## [TASK ITEM]
Go through the records and restate them word for word, omitting images.
INPUT MATERIAL section start
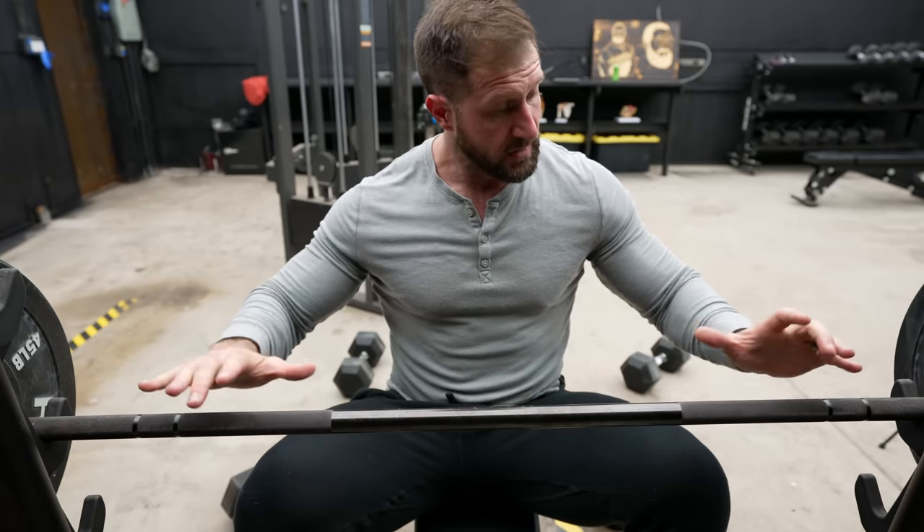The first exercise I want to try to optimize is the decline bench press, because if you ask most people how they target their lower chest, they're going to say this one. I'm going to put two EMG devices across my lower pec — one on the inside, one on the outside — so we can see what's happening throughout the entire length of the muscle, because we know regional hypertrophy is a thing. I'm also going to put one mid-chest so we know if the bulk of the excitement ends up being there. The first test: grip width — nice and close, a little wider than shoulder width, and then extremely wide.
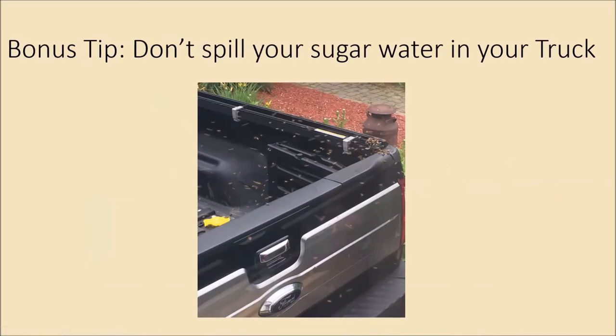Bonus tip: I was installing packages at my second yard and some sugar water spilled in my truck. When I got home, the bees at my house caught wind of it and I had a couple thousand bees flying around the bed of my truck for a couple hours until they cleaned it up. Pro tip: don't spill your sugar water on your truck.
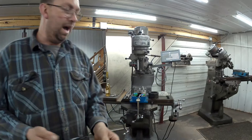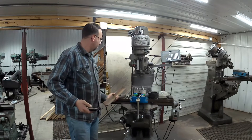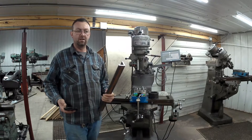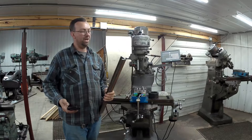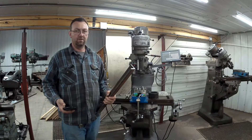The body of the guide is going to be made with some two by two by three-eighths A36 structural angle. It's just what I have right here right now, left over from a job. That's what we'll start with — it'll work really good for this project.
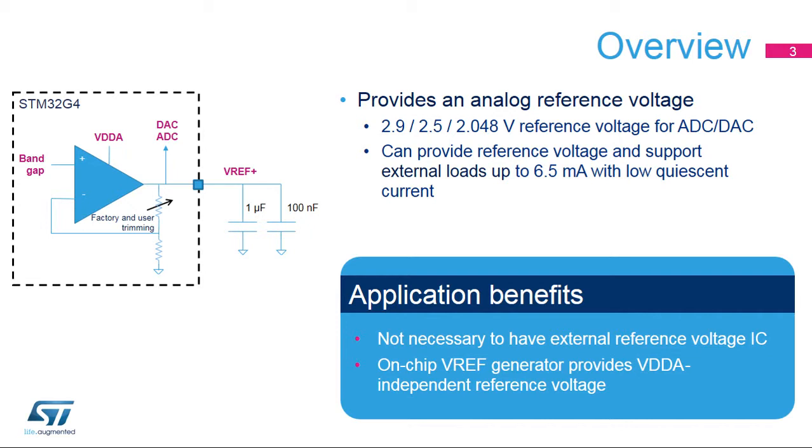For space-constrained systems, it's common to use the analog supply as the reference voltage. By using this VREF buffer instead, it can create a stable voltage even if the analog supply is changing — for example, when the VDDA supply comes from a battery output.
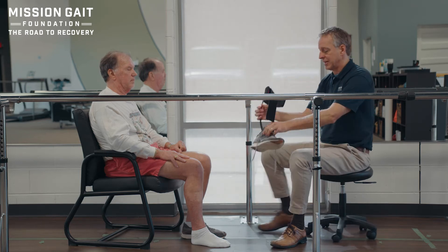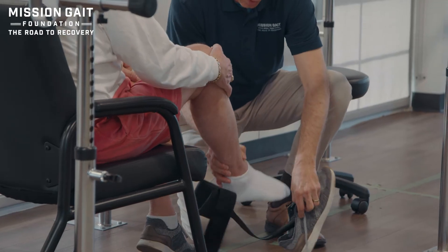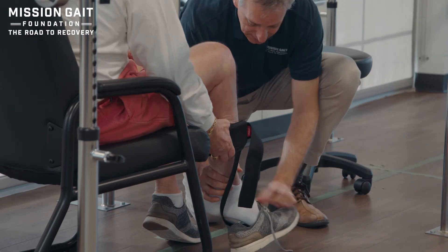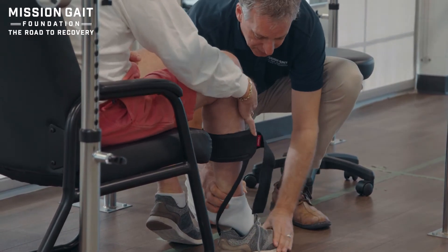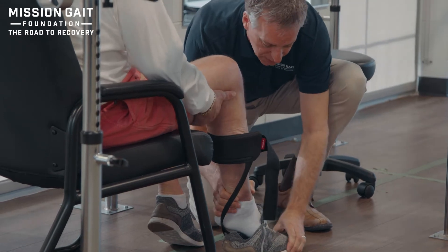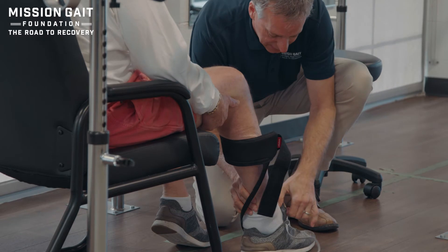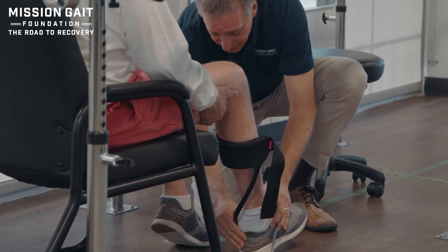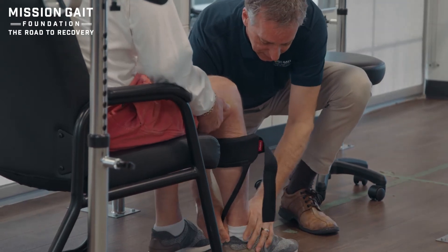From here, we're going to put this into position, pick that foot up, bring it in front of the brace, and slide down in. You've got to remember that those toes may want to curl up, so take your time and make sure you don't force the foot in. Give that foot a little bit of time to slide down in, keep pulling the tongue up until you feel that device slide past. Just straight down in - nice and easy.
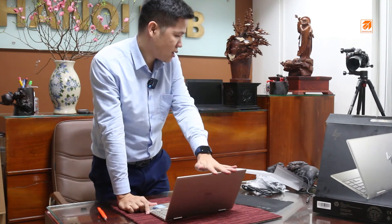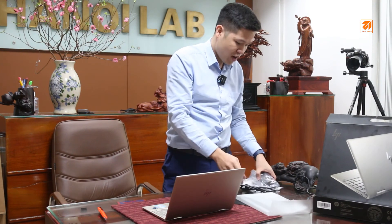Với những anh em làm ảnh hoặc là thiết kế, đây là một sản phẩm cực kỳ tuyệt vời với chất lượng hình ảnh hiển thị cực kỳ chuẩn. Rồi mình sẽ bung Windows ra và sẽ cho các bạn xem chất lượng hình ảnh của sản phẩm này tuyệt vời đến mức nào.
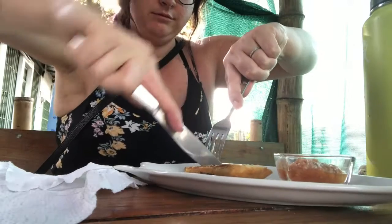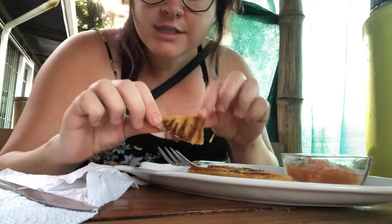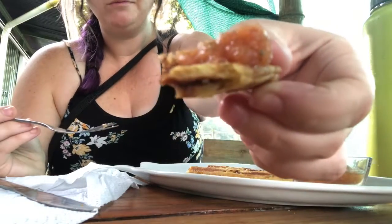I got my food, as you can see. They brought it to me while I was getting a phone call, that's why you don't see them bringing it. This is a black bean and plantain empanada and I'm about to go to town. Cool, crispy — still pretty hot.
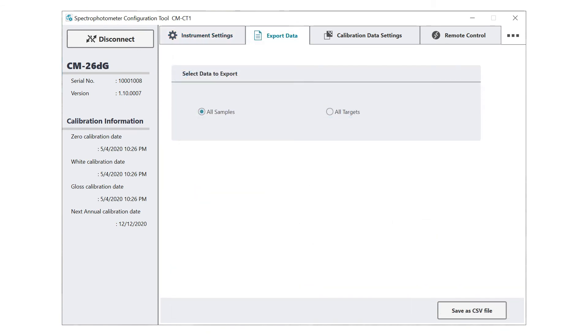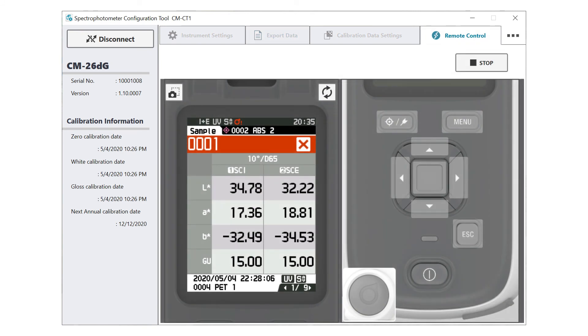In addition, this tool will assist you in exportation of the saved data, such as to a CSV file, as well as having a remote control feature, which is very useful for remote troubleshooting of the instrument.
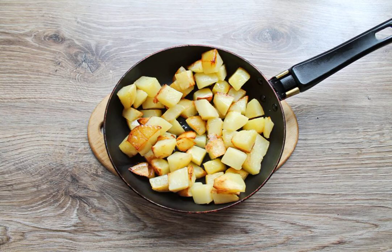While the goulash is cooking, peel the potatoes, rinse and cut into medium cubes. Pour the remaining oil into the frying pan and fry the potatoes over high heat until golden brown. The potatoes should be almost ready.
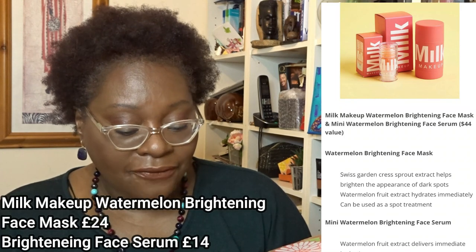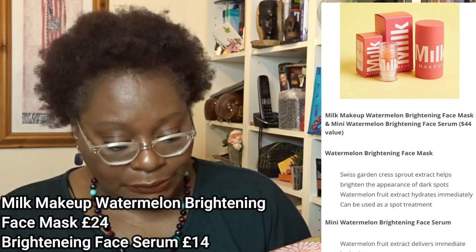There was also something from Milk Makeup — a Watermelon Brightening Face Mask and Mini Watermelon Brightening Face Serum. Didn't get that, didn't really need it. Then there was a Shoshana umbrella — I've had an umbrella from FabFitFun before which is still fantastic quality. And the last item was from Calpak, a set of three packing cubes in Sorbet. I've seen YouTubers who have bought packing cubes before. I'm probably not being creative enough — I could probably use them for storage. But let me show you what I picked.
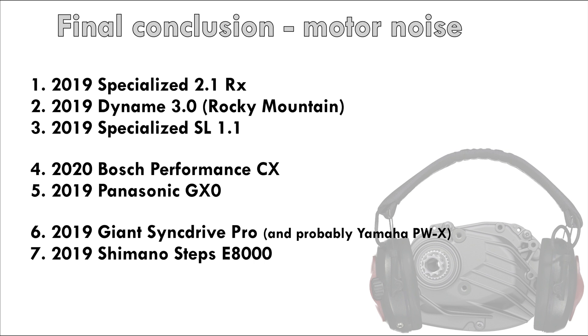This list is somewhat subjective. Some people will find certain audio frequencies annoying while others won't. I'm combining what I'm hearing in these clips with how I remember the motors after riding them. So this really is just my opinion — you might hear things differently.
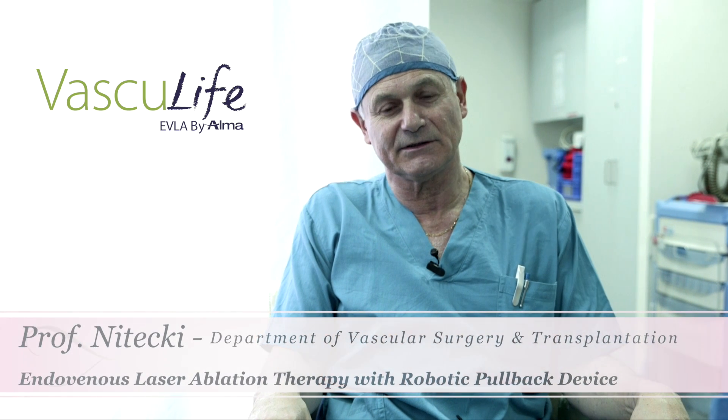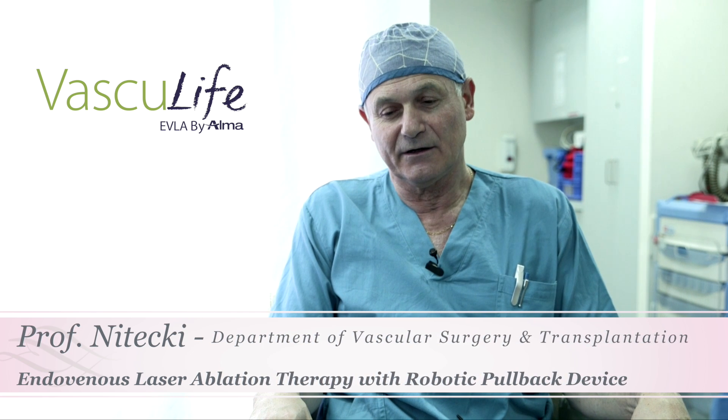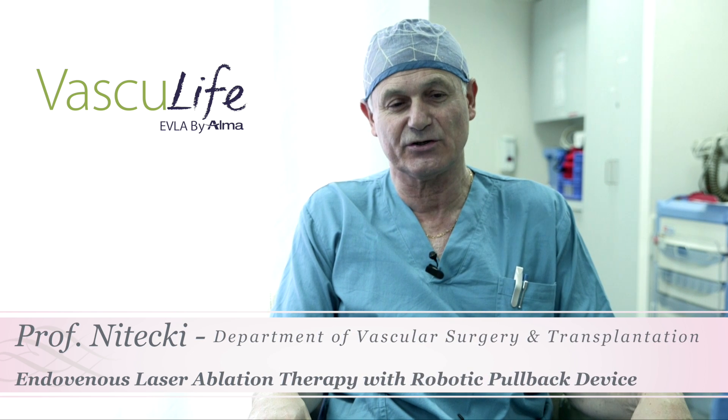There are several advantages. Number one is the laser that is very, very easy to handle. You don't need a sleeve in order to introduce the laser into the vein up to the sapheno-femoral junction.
INPUT MATERIAL section end
## [RESPONSE AREA]
The first exercise I want to try to optimize is the decline bench press, because if you ask most people how they target their lower chest, they're going to say this one. I'm going to put two EMG devices across my lower pec — one on the inside, one on the outside — so we can see what's happening throughout the entire length of the muscle, because we know regional hypertrophy is a thing. I'm also going to put one mid-chest so we know if the bulk of the excitement ends up being there. The first test: grip width — nice and close, a little wider than shoulder width, and then extremely wide.
Bonus tip: I was installing packages at my second yard and some sugar water spilled in my truck. When I got home, the bees at my house caught wind of it and I had a couple thousand bees flying around the bed of my truck for a couple hours until they cleaned it up. Pro tip: don't spill your sugar water on your truck.
The body of the guide is going to be made with some two by two by three-eighths A36 structural angle. It's just what I have right here right now, left over from a job. That's what we'll start with — it'll work really good for this project.
For space-constrained systems, it's common to use the analog supply as the reference voltage. By using this VREF buffer instead, it can create a stable voltage even if the analog supply is changing — for example, when the VDDA supply comes from a battery output.
From here, we're going to put this into position, pick that foot up, bring it in front of the brace, and slide down in. You've got to remember that those toes may want to curl up, so take your time and make sure you don't force the foot in. Give that foot a little bit of time to slide down in, keep pulling the tongue up until you feel that device slide past. Just straight down in - nice and easy.
Với những anh em làm ảnh hoặc là thiết kế, đây là một sản phẩm cực kỳ tuyệt vời với chất lượng hình ảnh hiển thị cực kỳ chuẩn. Rồi mình sẽ bung Windows ra và sẽ cho các bạn xem chất lượng hình ảnh của sản phẩm này tuyệt vời đến mức nào.
I got my food, as you can see. They brought it to me while I was getting a phone call, that's why you don't see them bringing it. This is a black bean and plantain empanada and I'm about to go to town. Cool, crispy — still pretty hot.
In addition, this tool will assist you in exportation of the saved data, such as to a CSV file, as well as having a remote control feature, which is very useful for remote troubleshooting of the instrument.
While the goulash is cooking, peel the potatoes, rinse and cut into medium cubes. Pour the remaining oil into the frying pan and fry the potatoes over high heat until golden brown. The potatoes should be almost ready.
There was also something from Milk Makeup — a Watermelon Brightening Face Mask and Mini Watermelon Brightening Face Serum. Didn't get that, didn't really need it. Then there was a Shoshana umbrella — I've had an umbrella from FabFitFun before which is still fantastic quality. And the last item was from Calpak, a set of three packing cubes in Sorbet. I've seen YouTubers who have bought packing cubes before. I'm probably not being creative enough — I could probably use them for storage. But let me show you what I picked.
This list is somewhat subjective. Some people will find certain audio frequencies annoying while others won't. I'm combining what I'm hearing in these clips with how I remember the motors after riding them. So this really is just my opinion — you might hear things differently.
There are several advantages. Number one is the laser that is very, very easy to handle. You don't need a sleeve in order to introduce the laser into the vein up to the sapheno-femoral junction.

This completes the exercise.